Equinox Publishing
- Founded: 2003; 23 years ago
- Founder: Janet Joyce
- Country of origin: United Kingdom
- Headquarters location: Sheffield
- Distribution: Macmillan Distribution (UK) ISD (United States)
- Publication types: Books; journals;
- Official website: www.equinoxpub.com

= Equinox Publishing (Sheffield) =

English academic publishing company

Equinox Publishing Ltd is an independent academic publisher founded in 2003 by Janet Joyce and based in Sheffield. The company publishes textbooks, anthologies, monographs, and reference books in the areas of archaeology, linguistics, cultural history, religious studies, theology, biblical studies, cookery, and popular music.

In 2009, Equinox had a list of more than 200 published titles and planned to publish another 40 new books. The list of academic journals has grown to more than 40 titles in 2015.

In January 2024, Equinox acquired Marion Boyars Publishers, together with its food history and cookery imprint Prospect Books.
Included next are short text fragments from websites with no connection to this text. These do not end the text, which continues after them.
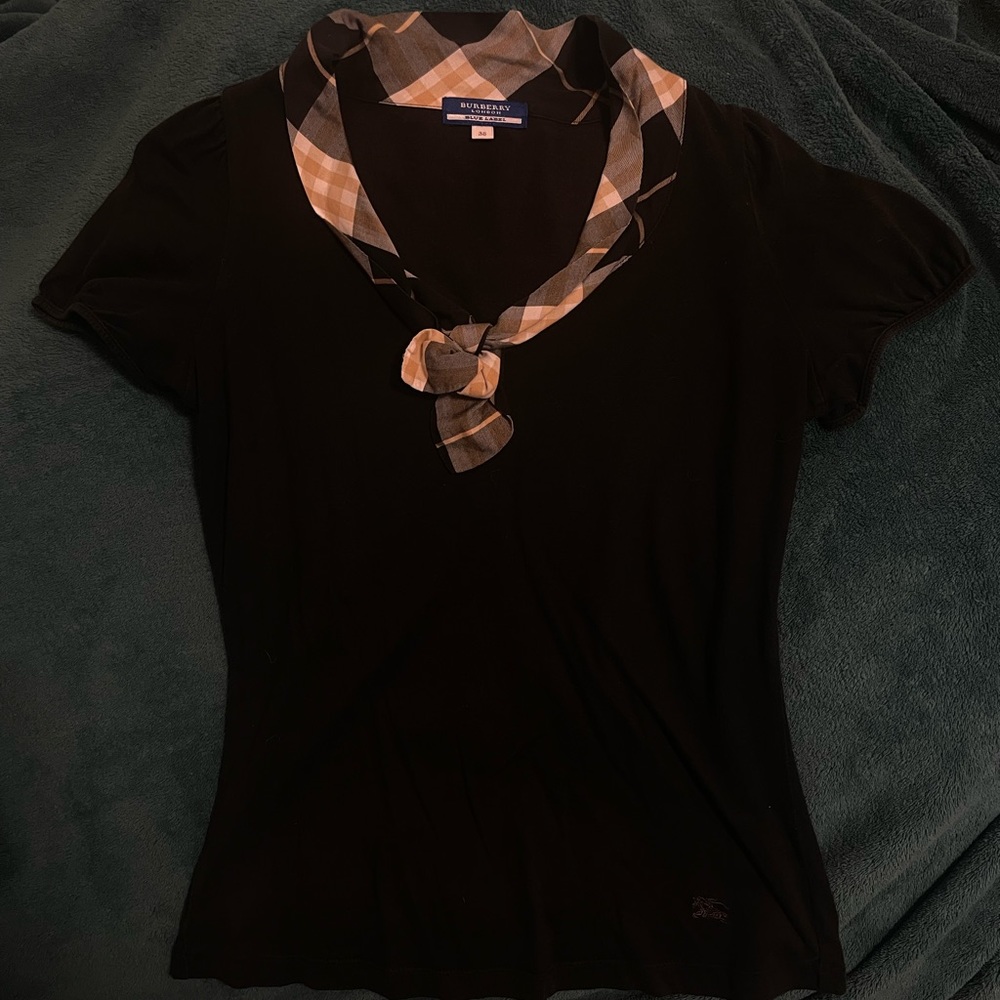 Burberry top ❌SOLD❌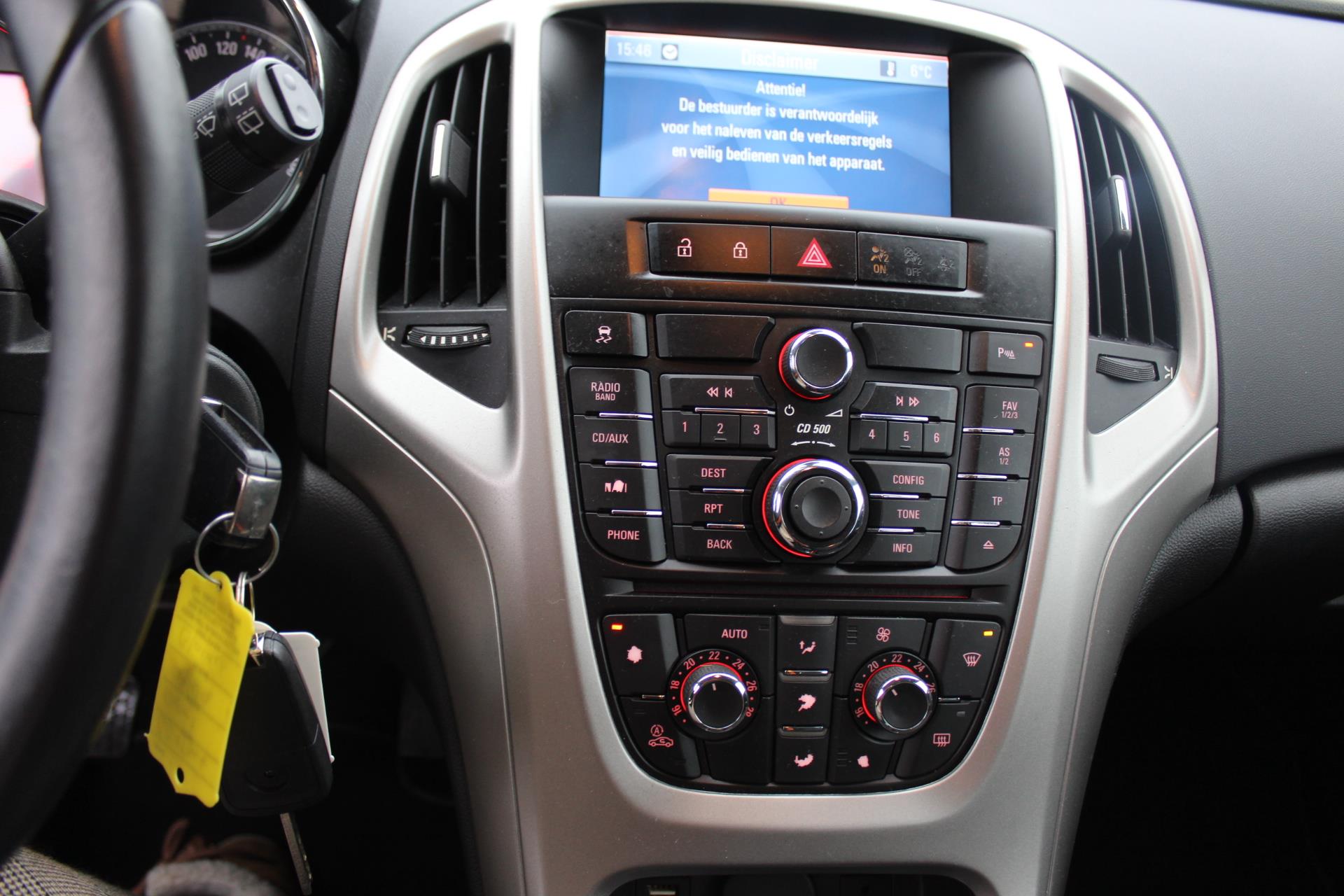 Foto van Opel Astra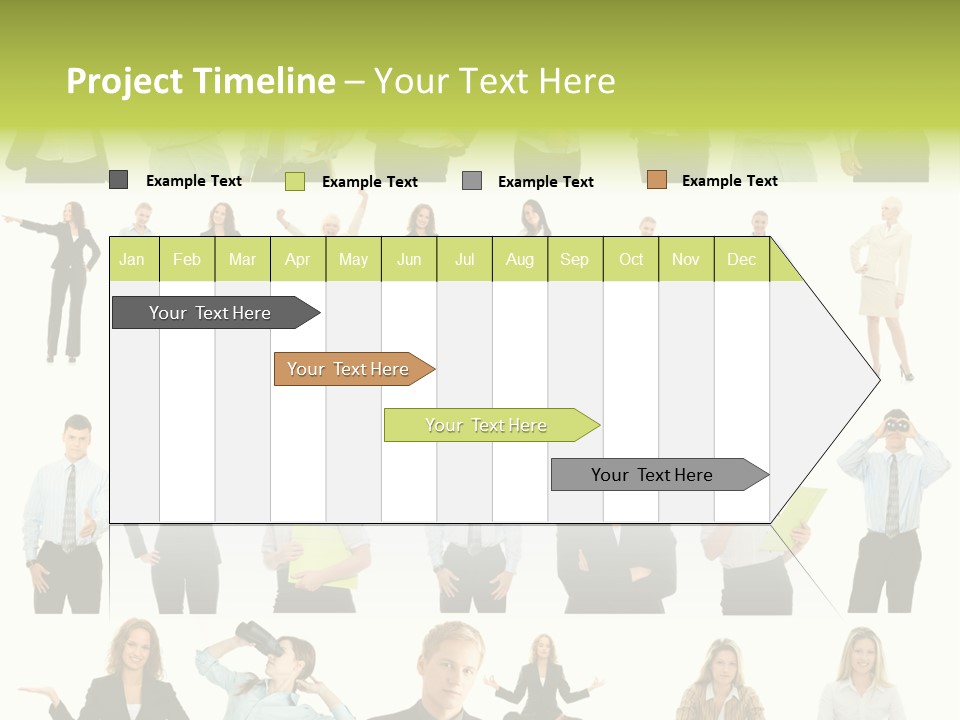 People Stock PowerPoint Template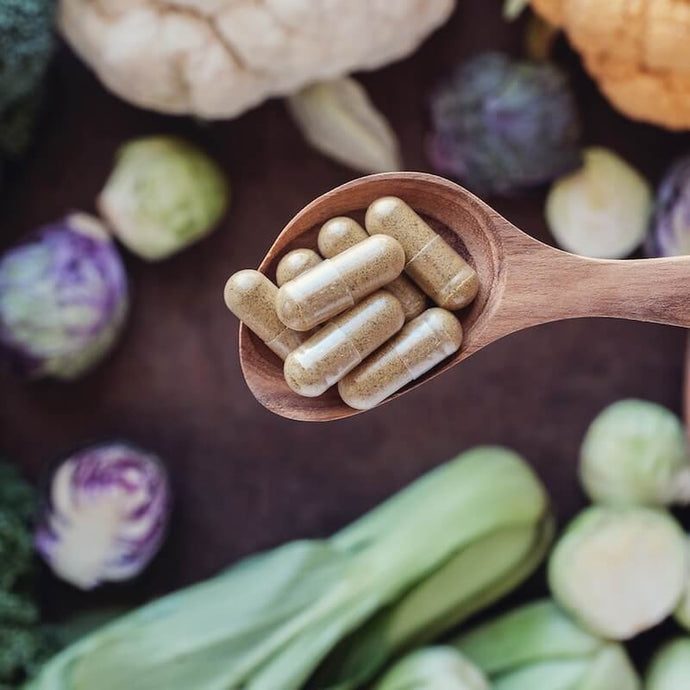 Vegane Supplements wichtig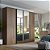 Guarda Roupa Splendore Full Glass 4 Portas - Imagem 1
In October 2024, Equinox's linguistics catalogue, comprising 20 journals and several hundred books, was acquired by the University of Toronto Press (UTP), Canada's largest university press. Equinox's founder and managing director Janet Joyce said of the acquisition: "Sharing in our commitment to global scholarship, we know the acquired journals and titles are in the best of hands with UTP and look forward to the works reaching new audiences."